Aimee Stephens’ Transition
The transgender case, R.G. and G.R Harris Funeral Homes v. EEOC and Stephens, concerns a transgender woman, Aimee Stephens–formerly Anthony Stephens– who says she was trapped in a woman’s body, a state of agony that nearly led to her suicide, The Daily Beast reported.
“In 2012, it came to a boiling point,” Stephens said.
“…..I stood in the backyard with a gun to my chest for an hour. But I came to the conclusion that I couldn’t do it—that I liked me too much. I made the choice to live. And it was shortly after that that I drafted the letter to my boss,” Stephens told The Beast.
Summarily dismissed by her Michigan Funeral home boss after she told him of her intention to start dressing as a woman, G.R. Harris Funeral Homes filed a complaint alleging Stephens refused to comply with the dress code and was disturbing mourners’ grieving process.
“The Sixth Circuit, in Cincinnati, ruled for Stephens, saying it is ‘analytically impossible to fire an employee based on that employee’s status as a transgender person without being motivated, at least in part, by the employee’s sex,” writes Marcia Coyle in the National Law Journal.
The funeral home appealed to the Supreme Court.
EEOC v. Trump
Trump’s Justice Department opposes his own Equal Employment Opportunity Commission—part of the Civil Rights Act– for the first time ever.

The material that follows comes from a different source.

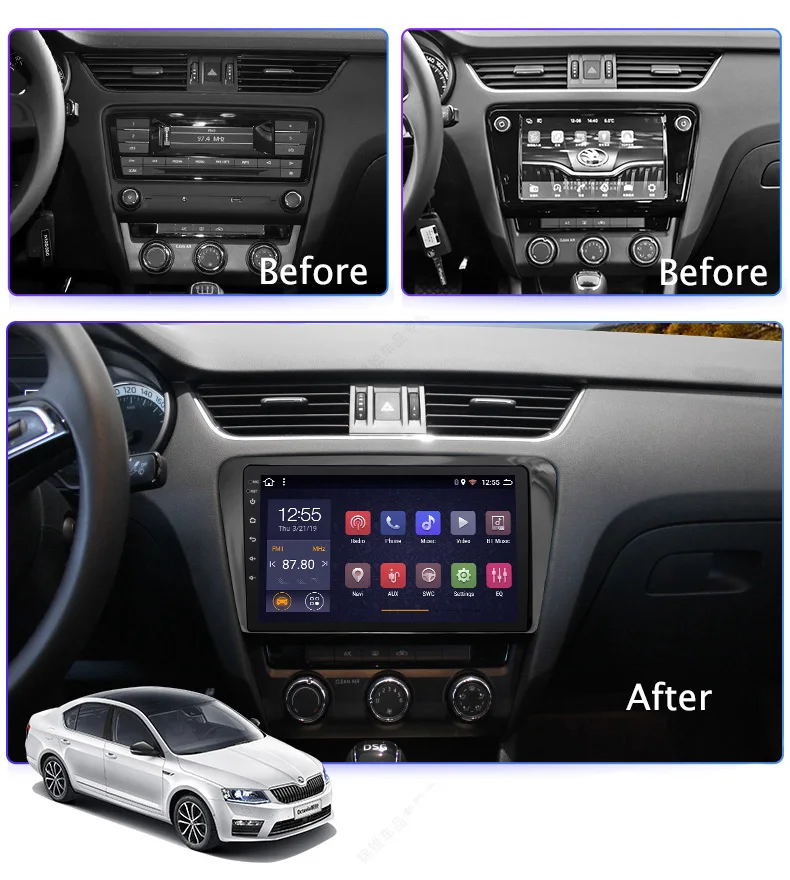Android 8 1 автомобильный dvd GPS Мультимедийный проигрыватель для SKODA Octavia 2013 2018 A7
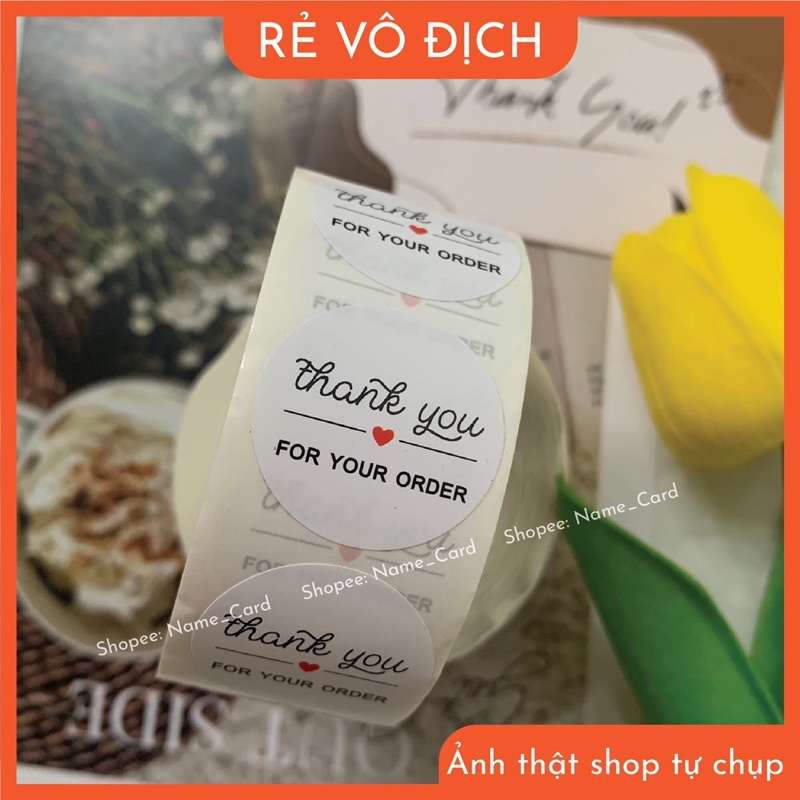 Tem dán  thank you, sticker thank you cuộn 500 cái, đường kính 2,5 cm, hàng có sẵn tại shop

Even Republican members installed by Trump have refused to sign the brief endorsed by former Attorney General Jeff Sessions and more recently by AG William Barr.
Meanwhile, in more than half the states, an employee can still be fired for being gay, including Georgia, where Bostock’s job hangs in the balance.
More than 200 Companies for LGBTQ Rights
More than 200 major companies have urged the Supreme Court to include sexual orientation and gender identity in their Civil Rights Act Title VII protections, USA Today reports.
The companies employ a total more than 7 million workers and have more than $5 trillion in revenue.
They argue the U.S. economy benefits from a diverse workforce.
The firms signing on to the Supreme Court brief include: Amazon, Apple, eBay, Facebook, Google and Microsoft as well as more traditional companies including: AT&T, General Motors, Walt Disney, IBM, JPMorgan, Wells Fargo, Goldman Sachs, Levi Strauss, and more.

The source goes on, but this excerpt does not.